Give back the material that follows, identical in every line.

===== Stored data =====

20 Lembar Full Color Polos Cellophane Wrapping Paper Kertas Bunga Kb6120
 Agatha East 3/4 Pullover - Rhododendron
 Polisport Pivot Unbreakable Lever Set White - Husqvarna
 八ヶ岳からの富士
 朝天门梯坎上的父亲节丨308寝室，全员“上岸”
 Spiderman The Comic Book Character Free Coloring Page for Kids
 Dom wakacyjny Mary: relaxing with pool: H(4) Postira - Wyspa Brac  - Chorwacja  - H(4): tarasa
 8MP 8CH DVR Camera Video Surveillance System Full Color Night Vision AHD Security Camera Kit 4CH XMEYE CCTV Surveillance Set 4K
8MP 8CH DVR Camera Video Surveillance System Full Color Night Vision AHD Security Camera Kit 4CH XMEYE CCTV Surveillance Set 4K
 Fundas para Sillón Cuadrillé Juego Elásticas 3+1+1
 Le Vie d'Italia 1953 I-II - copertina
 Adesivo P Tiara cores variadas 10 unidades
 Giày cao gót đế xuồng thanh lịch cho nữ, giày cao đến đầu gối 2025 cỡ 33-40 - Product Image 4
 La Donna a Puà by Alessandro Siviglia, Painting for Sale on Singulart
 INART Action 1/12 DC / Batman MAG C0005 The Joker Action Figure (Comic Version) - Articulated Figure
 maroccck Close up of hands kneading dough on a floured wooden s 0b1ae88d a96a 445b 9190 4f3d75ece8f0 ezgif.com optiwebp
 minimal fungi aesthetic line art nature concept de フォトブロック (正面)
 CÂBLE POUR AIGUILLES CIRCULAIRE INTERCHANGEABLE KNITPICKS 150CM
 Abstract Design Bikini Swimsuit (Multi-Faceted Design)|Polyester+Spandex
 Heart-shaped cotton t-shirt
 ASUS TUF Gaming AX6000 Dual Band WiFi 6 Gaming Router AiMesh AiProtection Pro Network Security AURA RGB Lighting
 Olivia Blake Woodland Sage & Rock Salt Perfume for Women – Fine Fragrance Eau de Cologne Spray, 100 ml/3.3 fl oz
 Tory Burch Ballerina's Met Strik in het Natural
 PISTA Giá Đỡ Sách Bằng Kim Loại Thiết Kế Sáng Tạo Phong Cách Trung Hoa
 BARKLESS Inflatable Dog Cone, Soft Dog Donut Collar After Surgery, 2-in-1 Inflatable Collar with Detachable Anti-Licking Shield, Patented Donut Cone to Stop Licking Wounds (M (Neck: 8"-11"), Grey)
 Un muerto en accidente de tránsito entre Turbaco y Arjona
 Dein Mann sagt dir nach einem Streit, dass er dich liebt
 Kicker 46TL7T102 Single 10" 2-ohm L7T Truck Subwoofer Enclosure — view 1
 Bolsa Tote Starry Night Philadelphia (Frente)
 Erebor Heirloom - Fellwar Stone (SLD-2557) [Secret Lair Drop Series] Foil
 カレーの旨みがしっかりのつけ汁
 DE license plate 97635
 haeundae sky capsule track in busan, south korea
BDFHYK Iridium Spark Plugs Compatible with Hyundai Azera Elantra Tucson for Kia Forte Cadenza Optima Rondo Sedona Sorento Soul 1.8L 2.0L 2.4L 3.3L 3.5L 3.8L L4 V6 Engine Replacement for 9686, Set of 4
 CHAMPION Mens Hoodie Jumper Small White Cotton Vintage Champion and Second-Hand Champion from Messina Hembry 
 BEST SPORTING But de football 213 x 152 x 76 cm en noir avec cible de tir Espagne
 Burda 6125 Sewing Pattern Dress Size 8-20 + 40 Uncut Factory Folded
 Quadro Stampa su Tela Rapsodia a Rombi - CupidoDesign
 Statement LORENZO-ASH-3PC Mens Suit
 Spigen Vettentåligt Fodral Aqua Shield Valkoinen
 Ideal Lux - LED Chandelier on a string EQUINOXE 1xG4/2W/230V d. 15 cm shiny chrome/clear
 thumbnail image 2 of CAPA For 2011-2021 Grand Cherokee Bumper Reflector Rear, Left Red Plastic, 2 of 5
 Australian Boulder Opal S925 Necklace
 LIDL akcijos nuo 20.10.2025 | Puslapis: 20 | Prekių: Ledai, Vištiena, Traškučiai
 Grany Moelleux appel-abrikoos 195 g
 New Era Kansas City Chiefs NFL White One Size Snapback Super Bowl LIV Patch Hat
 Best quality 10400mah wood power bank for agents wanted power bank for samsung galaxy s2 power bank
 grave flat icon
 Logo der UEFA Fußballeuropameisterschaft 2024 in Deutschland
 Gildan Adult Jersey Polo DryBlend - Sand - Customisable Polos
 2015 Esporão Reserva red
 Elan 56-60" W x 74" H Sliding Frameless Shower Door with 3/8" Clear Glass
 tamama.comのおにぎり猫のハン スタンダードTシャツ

=====

=== Response ===
20 Lembar Full Color Polos Cellophane Wrapping Paper Kertas Bunga Kb6120
 Agatha East 3/4 Pullover - Rhododendron
 Polisport Pivot Unbreakable Lever Set White - Husqvarna
 八ヶ岳からの富士
 朝天门梯坎上的父亲节丨308寝室，全员“上岸”
 Spiderman The Comic Book Character Free Coloring Page for Kids
 Dom wakacyjny Mary: relaxing with pool: H(4) Postira - Wyspa Brac  - Chorwacja  - H(4): tarasa
 8MP 8CH DVR Camera Video Surveillance System Full Color Night Vision AHD Security Camera Kit 4CH XMEYE CCTV Surveillance Set 4K
8MP 8CH DVR Camera Video Surveillance System Full Color Night Vision AHD Security Camera Kit 4CH XMEYE CCTV Surveillance Set 4K
 Fundas para Sillón Cuadrillé Juego Elásticas 3+1+1
 Le Vie d'Italia 1953 I-II - copertina
 Adesivo P Tiara cores variadas 10 unidades
 Giày cao gót đế xuồng thanh lịch cho nữ, giày cao đến đầu gối 2025 cỡ 33-40 - Product Image 4
 La Donna a Puà by Alessandro Siviglia, Painting for Sale on Singulart
 INART Action 1/12 DC / Batman MAG C0005 The Joker Action Figure (Comic Version) - Articulated Figure
 maroccck Close up of hands kneading dough on a floured wooden s 0b1ae88d a96a 445b 9190 4f3d75ece8f0 ezgif.com optiwebp
 minimal fungi aesthetic line art nature concept de フォトブロック (正面)
 CÂBLE POUR AIGUILLES CIRCULAIRE INTERCHANGEABLE KNITPICKS 150CM
 Abstract Design Bikini Swimsuit (Multi-Faceted Design)|Polyester+Spandex
 Heart-shaped cotton t-shirt
 ASUS TUF Gaming AX6000 Dual Band WiFi 6 Gaming Router AiMesh AiProtection Pro Network Security AURA RGB Lighting
 Olivia Blake Woodland Sage & Rock Salt Perfume for Women – Fine Fragrance Eau de Cologne Spray, 100 ml/3.3 fl oz
 Tory Burch Ballerina's Met Strik in het Natural
 PISTA Giá Đỡ Sách Bằng Kim Loại Thiết Kế Sáng Tạo Phong Cách Trung Hoa
 BARKLESS Inflatable Dog Cone, Soft Dog Donut Collar After Surgery, 2-in-1 Inflatable Collar with Detachable Anti-Licking Shield, Patented Donut Cone to Stop Licking Wounds (M (Neck: 8"-11"), Grey)
 Un muerto en accidente de tránsito entre Turbaco y Arjona
 Dein Mann sagt dir nach einem Streit, dass er dich liebt
 Kicker 46TL7T102 Single 10" 2-ohm L7T Truck Subwoofer Enclosure — view 1
 Bolsa Tote Starry Night Philadelphia (Frente)
 Erebor Heirloom - Fellwar Stone (SLD-2557) [Secret Lair Drop Series] Foil
 カレーの旨みがしっかりのつけ汁
 DE license plate 97635
 haeundae sky capsule track in busan, south korea
BDFHYK Iridium Spark Plugs Compatible with Hyundai Azera Elantra Tucson for Kia Forte Cadenza Optima Rondo Sedona Sorento Soul 1.8L 2.0L 2.4L 3.3L 3.5L 3.8L L4 V6 Engine Replacement for 9686, Set of 4
 CHAMPION Mens Hoodie Jumper Small White Cotton Vintage Champion and Second-Hand Champion from Messina Hembry 
 BEST SPORTING But de football 213 x 152 x 76 cm en noir avec cible de tir Espagne
 Burda 6125 Sewing Pattern Dress Size 8-20 + 40 Uncut Factory Folded
 Quadro Stampa su Tela Rapsodia a Rombi - CupidoDesign
 Statement LORENZO-ASH-3PC Mens Suit
 Spigen Vettentåligt Fodral Aqua Shield Valkoinen
 Ideal Lux - LED Chandelier on a string EQUINOXE 1xG4/2W/230V d. 15 cm shiny chrome/clear
 thumbnail image 2 of CAPA For 2011-2021 Grand Cherokee Bumper Reflector Rear, Left Red Plastic, 2 of 5
 Australian Boulder Opal S925 Necklace
 LIDL akcijos nuo 20.10.2025 | Puslapis: 20 | Prekių: Ledai, Vištiena, Traškučiai
 Grany Moelleux appel-abrikoos 195 g
 New Era Kansas City Chiefs NFL White One Size Snapback Super Bowl LIV Patch Hat
 Best quality 10400mah wood power bank for agents wanted power bank for samsung galaxy s2 power bank
 grave flat icon
 Logo der UEFA Fußballeuropameisterschaft 2024 in Deutschland
 Gildan Adult Jersey Polo DryBlend - Sand - Customisable Polos
 2015 Esporão Reserva red
 Elan 56-60" W x 74" H Sliding Frameless Shower Door with 3/8" Clear Glass
 tamama.comのおにぎり猫のハン スタンダードTシャツ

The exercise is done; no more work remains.